謎の死を遂げたフィオナ・ウォルシュの秘密は、決して明かされることがないはずだった―彼女の日記が郵便局員ナイルに見つからなければ。そこには、悪魔的な魅力を持つ男ジムに出会った様子がつづられていた。アイルランド中を旅して、パブで物語を披露し聴衆を夢中にさせたジム。彼の周りに漂っていた暗い影が、フィオナやその家族に悲劇的な運命をもたらしたのだろうか?彼女の死をめぐるすべての真相を突き止めようと、ナイルは彼女の故郷に向かう。
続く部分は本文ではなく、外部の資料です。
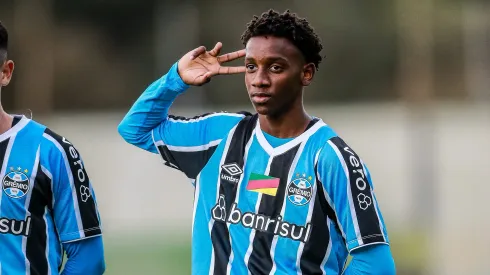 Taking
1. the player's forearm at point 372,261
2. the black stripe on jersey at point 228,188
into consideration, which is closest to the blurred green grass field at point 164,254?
the black stripe on jersey at point 228,188

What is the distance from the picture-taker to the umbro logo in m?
3.82

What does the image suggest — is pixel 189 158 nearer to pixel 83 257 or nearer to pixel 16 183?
pixel 83 257

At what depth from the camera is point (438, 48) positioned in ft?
43.1

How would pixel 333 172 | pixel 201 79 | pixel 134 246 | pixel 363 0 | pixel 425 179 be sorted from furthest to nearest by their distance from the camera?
pixel 363 0 → pixel 425 179 → pixel 134 246 → pixel 201 79 → pixel 333 172

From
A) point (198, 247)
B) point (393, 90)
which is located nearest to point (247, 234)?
point (198, 247)

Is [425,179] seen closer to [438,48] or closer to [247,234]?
[438,48]

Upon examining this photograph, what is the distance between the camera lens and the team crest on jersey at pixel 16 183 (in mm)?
3727

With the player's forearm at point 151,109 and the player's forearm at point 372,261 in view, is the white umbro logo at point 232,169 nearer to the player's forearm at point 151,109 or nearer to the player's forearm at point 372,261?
the player's forearm at point 151,109

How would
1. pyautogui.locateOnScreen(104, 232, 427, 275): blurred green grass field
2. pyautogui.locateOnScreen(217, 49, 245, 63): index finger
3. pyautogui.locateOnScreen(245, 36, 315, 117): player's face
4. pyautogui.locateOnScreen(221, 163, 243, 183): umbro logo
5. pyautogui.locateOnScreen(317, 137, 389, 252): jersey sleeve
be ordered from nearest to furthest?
1. pyautogui.locateOnScreen(317, 137, 389, 252): jersey sleeve
2. pyautogui.locateOnScreen(245, 36, 315, 117): player's face
3. pyautogui.locateOnScreen(221, 163, 243, 183): umbro logo
4. pyautogui.locateOnScreen(217, 49, 245, 63): index finger
5. pyautogui.locateOnScreen(104, 232, 427, 275): blurred green grass field

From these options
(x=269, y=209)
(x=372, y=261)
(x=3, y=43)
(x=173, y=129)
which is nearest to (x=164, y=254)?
(x=173, y=129)

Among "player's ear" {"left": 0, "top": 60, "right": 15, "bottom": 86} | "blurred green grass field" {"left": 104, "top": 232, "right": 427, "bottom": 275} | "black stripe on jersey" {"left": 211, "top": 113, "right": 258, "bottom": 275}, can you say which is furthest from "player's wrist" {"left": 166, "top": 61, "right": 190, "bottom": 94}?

デンマークの新鋭が鮮やかに語り上げる幻惑のミステリ!

↑本の内容紹介から。

アイルランドのタブリンの近くの町のある家で、郵便配達員が発見した三人の女性の遺体。
家主である女性と、二人の監禁された女性。叔母と姪たちという関係の三人、そして現場にはもう一人監禁されていたらしい。消えたもう一人は――?
その内の一人の日記を手に入れた郵便局員(遺体発見者とは違う)ナイルは、事件を追い始める――と。
お話は、遺体発見のプレリュードから始まり、ナイルが被害者の一人フィオナの日記を発見するインタールード、そして日記へと、視点を変えながら綴られます。
フィオナの日記では、ある魅力的な男性との出会いから始まり、その男性が次々と女性を魅了していく。
そしてフィオナもまた、魅了されるのですが、男性は別の女性を嫉妬に狂って後を追えば、彼の裏の顔を知ってしまう。
と、この男性を取り巻く、愛憎劇がなんともはや……。
まあ、この男性の性的魅力はよくわかりませんが、彼は語り部として町を移動しながら、アイルランドの歴史というか、伝承というか(創作話)を語って。
この作中で語られるのがタイトルの「狼の王子」。
ネッドとユアンという兄弟の王子
。侵攻してくる敵に勇敢に戦う弟、臆病者の兄。戦場の混乱に乗じて、兄は弟を殺し、手柄を奪う。
そうして兄王子は領主となって――と。
この、語り部が語る「狼の王子」のお伽話っぽいお話に、惹き込まれ聴衆と同じく続きが気になってしょうがなかったです。

愛するのか、殺すのか?

これが「狼の王子」の問いかけであったのですが、事件を通してのテーマでもあったんだろうな。
彼女に迫られた選択も。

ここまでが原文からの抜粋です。